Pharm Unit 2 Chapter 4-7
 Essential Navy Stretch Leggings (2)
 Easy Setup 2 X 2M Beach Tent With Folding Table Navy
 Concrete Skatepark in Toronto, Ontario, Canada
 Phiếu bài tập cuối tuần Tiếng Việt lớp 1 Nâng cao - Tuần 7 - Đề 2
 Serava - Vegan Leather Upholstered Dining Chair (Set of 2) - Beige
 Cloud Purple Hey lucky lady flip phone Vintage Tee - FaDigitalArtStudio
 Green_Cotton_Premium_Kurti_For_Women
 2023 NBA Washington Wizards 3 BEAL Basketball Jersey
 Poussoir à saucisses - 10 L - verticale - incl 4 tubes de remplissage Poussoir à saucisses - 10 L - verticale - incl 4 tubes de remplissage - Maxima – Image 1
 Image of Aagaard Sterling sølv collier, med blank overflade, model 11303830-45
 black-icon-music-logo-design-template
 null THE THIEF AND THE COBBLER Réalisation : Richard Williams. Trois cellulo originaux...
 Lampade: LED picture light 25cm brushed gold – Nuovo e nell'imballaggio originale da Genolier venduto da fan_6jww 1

**Work instructions:**
In the listing above, find the line with "Concrete Skatepark in" and the line with "2023 NBA Washington". Output those two lines and every line between them, exactly as written.

**Answer section:**
 Concrete Skatepark in Toronto, Ontario, Canada
 Phiếu bài tập cuối tuần Tiếng Việt lớp 1 Nâng cao - Tuần 7 - Đề 2
 Serava - Vegan Leather Upholstered Dining Chair (Set of 2) - Beige
 Cloud Purple Hey lucky lady flip phone Vintage Tee - FaDigitalArtStudio
 Green_Cotton_Premium_Kurti_For_Women
 2023 NBA Washington Wizards 3 BEAL Basketball Jersey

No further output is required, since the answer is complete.